They possibly scale greater heights than Munster, witness the 37-10 and 60-13 wins over Northampton, and the 57-3 destruction of Montpellier. But they looked a little drained after that "high" against Montpellier, witness Garry Ringrose untypically falling off a tackle after going in too high, with the net result being that their base-level performance can perhaps be lower than that of Munster.

Like most sides, Leinster have their key leaders and performers, and they also looked a little rudderless without Johnny Sexton, especially, and Isa Nacewa. Because of this, their cup-winning credentials appeared less compelling on Friday night, and the consequences of the draw – namely a semi-final away to Clermont or Toulon also blocking their path to the final – have seen them drift in the betting to 7 to 1, now fractionally behind Munster at 11 to 2.

No safeguard

But if they are left to contemplate what might have been, it is as nothing compared to Connacht. For sure, as John Muldoon has stated, a drop-goal with nine minutes to go was no safeguard against Toulouse coming back down the pitch and responding with a score of their own, any kind of score, to thereby secure the same, decisive, nine-point winning margin.

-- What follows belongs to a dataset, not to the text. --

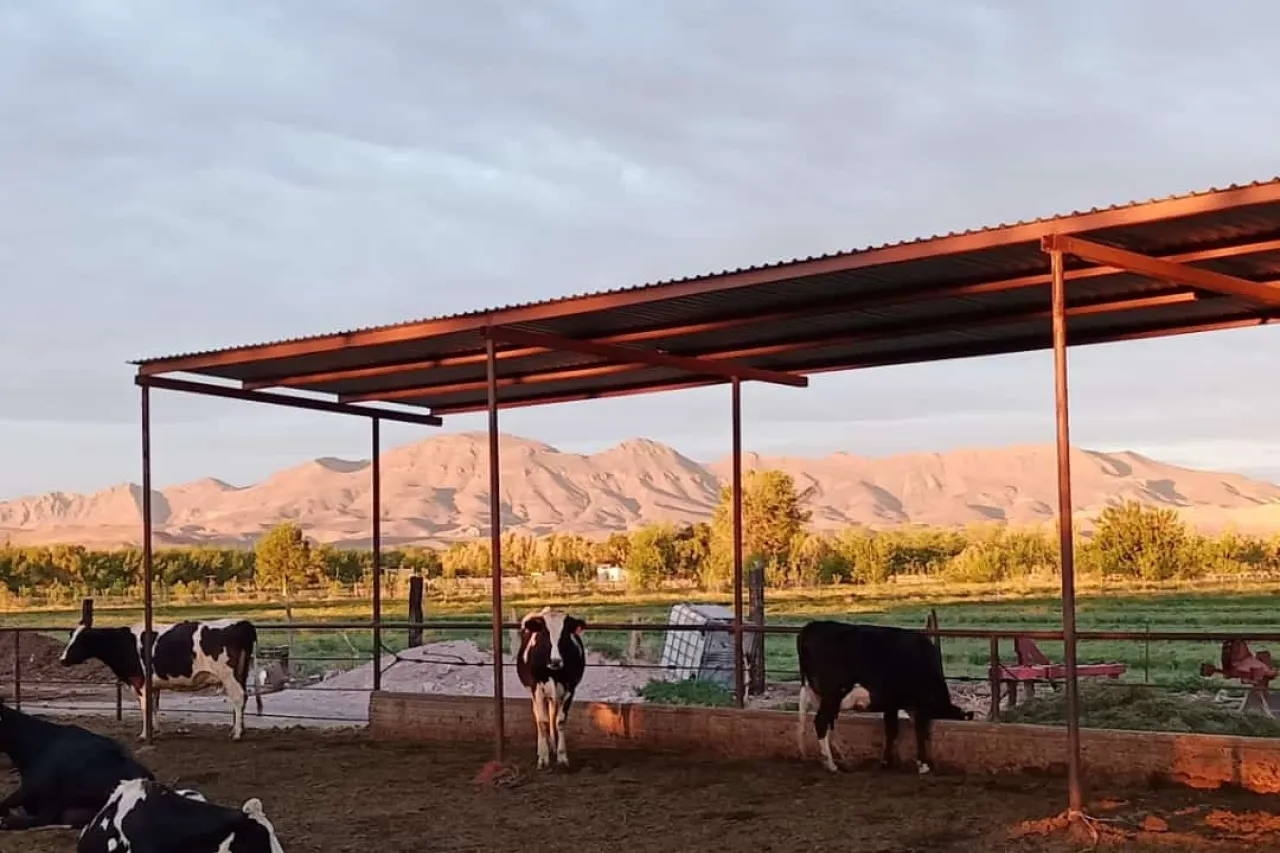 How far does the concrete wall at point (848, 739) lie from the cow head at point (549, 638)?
0.73 meters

A Connacht try would also obliged Toulouse to respond in kind, as only a try by the French team could then have prevented Connacht reaching the last eight.

Nevertheless, given the coaches and team leaders had discussed such a scenario unfolding in the endgame it’s still a surprise that they didn’t at least play with a bit more patience.

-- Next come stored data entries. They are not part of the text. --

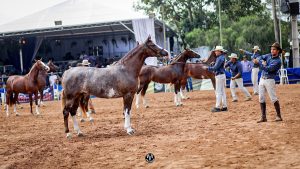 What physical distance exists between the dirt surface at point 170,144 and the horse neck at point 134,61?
1.67 meters

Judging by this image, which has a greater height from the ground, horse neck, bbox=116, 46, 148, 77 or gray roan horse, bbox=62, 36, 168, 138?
horse neck, bbox=116, 46, 148, 77

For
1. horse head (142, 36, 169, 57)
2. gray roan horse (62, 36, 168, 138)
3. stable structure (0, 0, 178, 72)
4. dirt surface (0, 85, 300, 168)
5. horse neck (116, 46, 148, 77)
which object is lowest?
dirt surface (0, 85, 300, 168)

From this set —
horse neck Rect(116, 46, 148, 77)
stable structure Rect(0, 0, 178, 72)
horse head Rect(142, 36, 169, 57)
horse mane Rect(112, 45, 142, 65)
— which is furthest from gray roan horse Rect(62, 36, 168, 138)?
stable structure Rect(0, 0, 178, 72)

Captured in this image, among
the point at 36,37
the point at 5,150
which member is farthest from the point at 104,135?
the point at 36,37

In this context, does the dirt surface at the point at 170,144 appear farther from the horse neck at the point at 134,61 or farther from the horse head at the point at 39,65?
the horse head at the point at 39,65

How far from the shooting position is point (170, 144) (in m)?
8.80

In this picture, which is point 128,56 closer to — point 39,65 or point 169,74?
point 169,74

Going for a try was, of course, true to type for this gung-ho Connacht team, yet with a European Champions Cup quarter-final on the line, they surely need to have a “three-point” strategy in their arsenal.

Interestingly, neither Jack Carty nor Craig Ronaldson have ever kicked a drop-goal for Connacht.

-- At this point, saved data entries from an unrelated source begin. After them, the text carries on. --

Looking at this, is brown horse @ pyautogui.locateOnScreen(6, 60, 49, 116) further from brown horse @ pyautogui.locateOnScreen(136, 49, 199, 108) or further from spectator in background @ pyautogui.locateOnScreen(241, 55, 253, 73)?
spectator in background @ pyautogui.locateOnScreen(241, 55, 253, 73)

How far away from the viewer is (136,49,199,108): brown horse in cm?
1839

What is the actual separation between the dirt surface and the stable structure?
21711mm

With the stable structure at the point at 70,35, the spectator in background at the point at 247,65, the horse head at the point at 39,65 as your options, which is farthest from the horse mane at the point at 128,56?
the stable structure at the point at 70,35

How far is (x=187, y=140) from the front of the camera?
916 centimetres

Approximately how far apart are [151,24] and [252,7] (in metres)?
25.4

The other lament was the absence of Bundee Aki, who would have given them go-forward ball like only he does and not left Connacht looking so lateral and thus exposed to Toulouse’s array of heavy poachers over the ball and Wayne Barnes’s somewhat one-sided interpretation at the breakdown.

Those in the jackal position did not always seem to be supporting their own body weight.

Aside from being the decision-making hub of their midfield, Aki gives Connacht’s running game its main source of penetration and X factor. He was the match-winner in their win over Toulouse at the Sportsground in round one, when had Connacht converted either of two late attacking lineouts into a try, they’d have qualified before kick-off on Sunday.

So many tight margins. What a shame.